US mulls over handing military trainer aircraft to Vietnam

By Trong Giap   June 1, 2018 | 07:19 am PT
US mulls over handing military trainer aircraft to Vietnam
A U.S. Air Force F-35A Lightning II conducts a training flight with F-16 Fighting Falcons over the city of Gunsan, South Korea. Photo by Josh Rosales/U.S. Air Force/via Reuters
Defense Secretary Mattis says U.S. wants to reinforce military ties with Vietnam.

U.S. Defense Secretary Jim Mattis said on Friday that the U.S. is considering handing over trainer aircraft and other equipment to Vietnam to reinforce military ties between the two countries.

He also told his Vietnamese counterpart, Defense Minister Ngo Xuan Lich, that the U.S. wants to sign documents to lay the ground for further cooperation.

The People’s Army newspaper quoted the minister as saying relevant authorities of each nation should be assigned to work on building this cooperation.

At their meeting on the sidelines of the Shangri-La dialogue, a security forum in Singapore, the two leaders agreed that that cooperation between Vietnam and the U.S. has contributed to maintaining peace and stability in the region and the world, the report said.

The military relationship between Vietnam and the U.S. has developed strongly in recent years, with the two countries putting the Vietnam War enmity behind them.

In a May 25 meeting, Defense Secretary Mattis and Vietnamese ambassador to the U.S. Pham Quang Vinh discussed ways to boost bilateral co-operation on maritime security amidst growing tensions in the South China Sea, known as the East Sea in Vietnam.

In late March, U.S. delivered six patrol boats to Vietnam's Coast Guard. The boats are part of a $20 million hardware and infrastructure package agreed upon by both countries.

Earlier that month, U.S. aircraft carrier the USS Carl Vinson’s historic visit to the central city of Da Nang marked a monumental milestone in the diplomatic relationship between the two countries.

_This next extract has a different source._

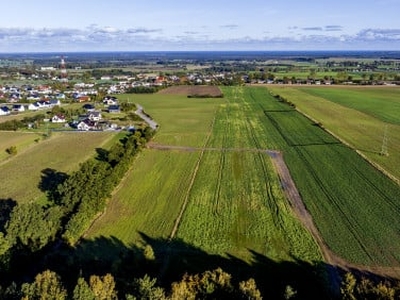 Działka budowlana Starzyno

The event garnered global attention, being the first time a U.S. Navy aircraft carrier has docked in the country, four decades after the end of the Vietnam War.

Other markers of the strengthening defense relations between Vietnam and the U.S. are former President Obama’s 2016 decision to lift the ban on the sale of assault weapons to Vietnam, and the current administration’s identification of Vietnam as a “cooperative maritime partner.”

For the first time, the U.S. has invited Vietnam to join the 2018 Rim of the Pacific (RIMPAC) Exercise, one of the world’s largest multinational naval drills held every two years, according to American military newspaper Stars and Stripes.

The international maritime exercise slated for June 27- August 2 is expected to mobilize 26 nations, 47 surface ships, five submarines, 18 national land forces, and more than 200 aircraft and 25,000 naval forces.